I’ve also implemented the algorithm described by Kannan and Bachem which takes the principal minors to Hermite form one at a time, as opposed to other methods I’ve implemented so far which work column by column. This also provides significant improvement on the classical method, and indeed is performing better than the modular approach in many cases.
For the next week I’ll be trying to optimise the algorithms implemented so far as much as possible, especially the modular approach of Domich, Kannan and Trotter as this plays a key role in the algorithm of Pernet and Stein. One thing I would like to try is combining the two approaches I worked on this week and making a modulo determinant version of the Kannan-Bachem algorithm. There is also the possibility that factoring the determinant into some relatively prime parts and working modulo each of those, before recombining at the end with the Chinese remainder theorem, of course this involves factoring the determinant which could make the whole procedure less worthwhile. I also need to make the necessary modifications to ensure that all algorithms work in the non-square case as efficiently as possible.
This week I’ve been able to get started working on my GSoC project full time after finishing my university exams on Tuesday (hooray!).
I finished off what I was working on at the time of the last update, a more efficient algorithm that still computes the Hermite normal form in a straightforward way but takes less time by using the extended Euclidean algorithm to reduce rows rather than simply repeatedly reducing one row using another. The coefficients can still grow very fast in this algorithm which leaves it highly non-optimal in practice however small changes can be made to reduce this problem such as changing the order in which rows are reduced (this is described by Bradley here).
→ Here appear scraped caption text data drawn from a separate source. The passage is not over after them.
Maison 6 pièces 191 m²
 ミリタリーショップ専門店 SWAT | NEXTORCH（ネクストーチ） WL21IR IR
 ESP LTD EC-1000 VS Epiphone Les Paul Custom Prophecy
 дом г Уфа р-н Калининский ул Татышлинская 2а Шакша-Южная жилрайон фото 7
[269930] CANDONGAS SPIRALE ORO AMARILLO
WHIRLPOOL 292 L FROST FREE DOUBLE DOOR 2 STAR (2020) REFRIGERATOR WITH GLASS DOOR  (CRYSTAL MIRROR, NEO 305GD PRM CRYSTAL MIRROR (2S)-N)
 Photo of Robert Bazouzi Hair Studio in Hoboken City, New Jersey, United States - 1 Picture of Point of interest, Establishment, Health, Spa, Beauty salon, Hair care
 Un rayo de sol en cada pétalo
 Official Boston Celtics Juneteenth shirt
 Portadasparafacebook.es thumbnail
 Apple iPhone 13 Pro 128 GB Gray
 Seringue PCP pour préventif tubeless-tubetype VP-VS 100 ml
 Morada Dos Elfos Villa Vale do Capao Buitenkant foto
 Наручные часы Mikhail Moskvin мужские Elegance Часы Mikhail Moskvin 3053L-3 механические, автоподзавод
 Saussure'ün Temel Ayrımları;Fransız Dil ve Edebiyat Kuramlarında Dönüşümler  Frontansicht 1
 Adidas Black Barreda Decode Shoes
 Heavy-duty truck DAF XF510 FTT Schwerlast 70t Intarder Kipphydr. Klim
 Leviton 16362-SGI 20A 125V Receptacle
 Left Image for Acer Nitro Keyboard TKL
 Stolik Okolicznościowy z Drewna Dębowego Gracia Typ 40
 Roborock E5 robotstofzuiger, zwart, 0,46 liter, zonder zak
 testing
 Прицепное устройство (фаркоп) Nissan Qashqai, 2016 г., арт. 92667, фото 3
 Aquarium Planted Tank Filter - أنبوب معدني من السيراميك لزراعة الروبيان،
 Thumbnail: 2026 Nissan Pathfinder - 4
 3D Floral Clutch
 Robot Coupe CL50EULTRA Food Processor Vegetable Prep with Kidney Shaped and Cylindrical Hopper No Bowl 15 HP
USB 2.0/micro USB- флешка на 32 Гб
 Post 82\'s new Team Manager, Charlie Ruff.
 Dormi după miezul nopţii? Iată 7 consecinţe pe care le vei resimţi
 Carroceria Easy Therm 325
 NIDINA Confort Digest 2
One way to mitigate the coefficient explosion problem is to perform the computations modulo some number and then use the result of this computation to find the actual HNF. If we use a multiple of the determinant of the HNF matrix we are trying to find (which we can in fact determine from the original matrix) the real HNF can be found fairly easily and this is what I have been working on for the past couple of days. This method of finding the HNF is due to Domich, Kannan and Trotter and the paper describing it can be found here. The function I have implemented seems to be working fine on the test cases it is given but I am getting some memory leaks that I’m really having trouble getting to the bottom of which is my main problem currently.
Once this is done I’ll start working on a multimodular algorithm which will involve computing the HNF modulo several primes and combining the resulting matrices via the Chinese remainder theorem.